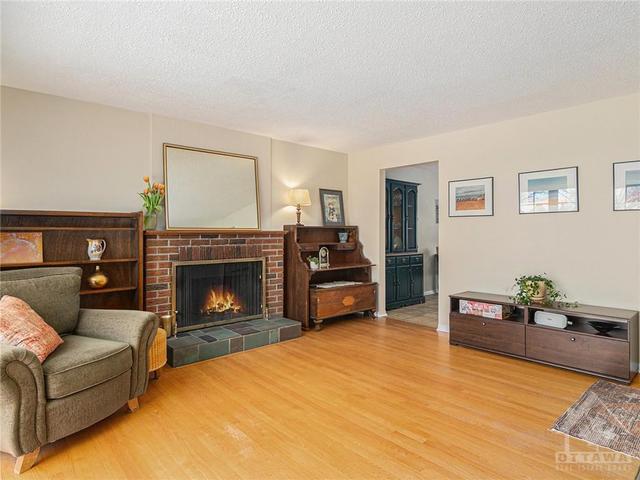 6 Crofton Road, House detached with 3 bedrooms, 3 bathrooms and 5 parking in Ottawa ON | Image 7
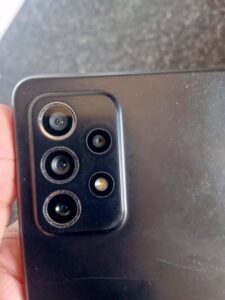 Samsung Mobile A72 - photo 2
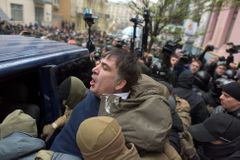 Saakašvili je volný, jeho příznivci ho vytáhli z policejního auta. Zemřu za Ukrajinu, hlásal politik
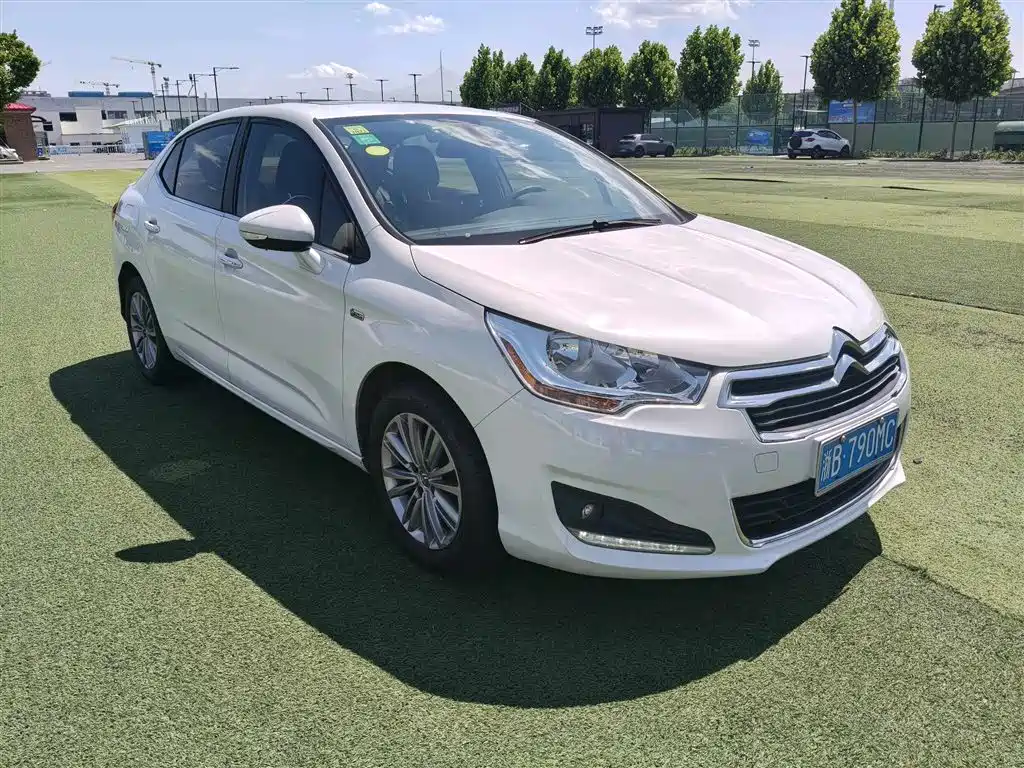 Citroen C4L 2015 — фото 3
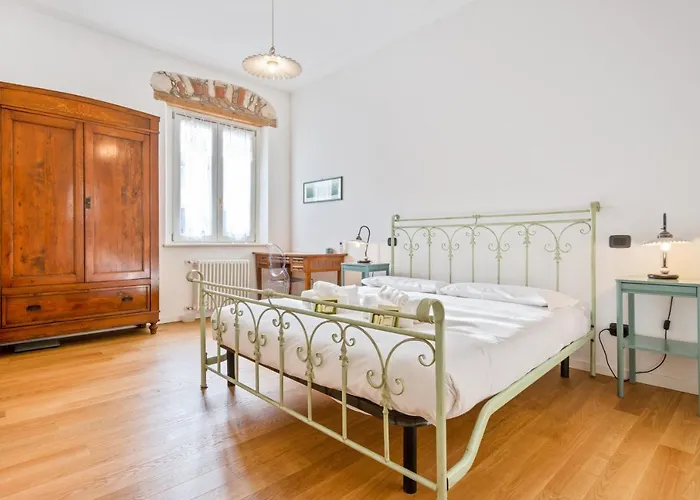 San Vitale Elegant Flat Werona
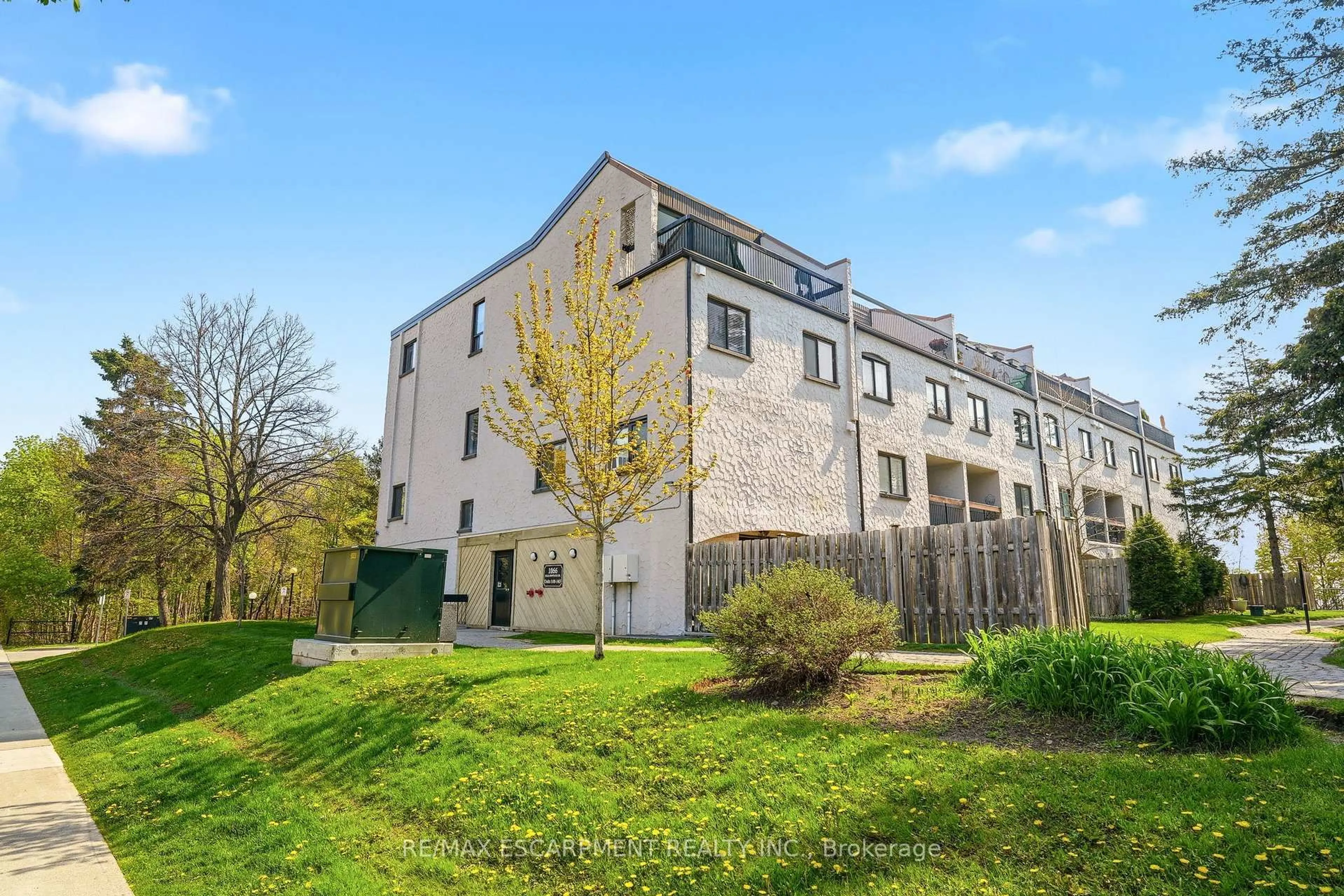 A pic from outside/outdoor area/front of a property/back of a property/a pic from drone, building for 1066 Falgarwood Dr #154, Oakville Ontario L6H 2P3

About this exercise: In the copy, include every line of the records exactly and none of the images.

Response to the task:
 6 Crofton Road, House detached with 3 bedrooms, 3 bathrooms and 5 parking in Ottawa ON | Image 7
 Samsung Mobile A72 - photo 2
 Saakašvili je volný, jeho příznivci ho vytáhli z policejního auta. Zemřu za Ukrajinu, hlásal politik
 Citroen C4L 2015 — фото 3
 San Vitale Elegant Flat Werona
 A pic from outside/outdoor area/front of a property/back of a property/a pic from drone, building for 1066 Falgarwood Dr #154, Oakville Ontario L6H 2P3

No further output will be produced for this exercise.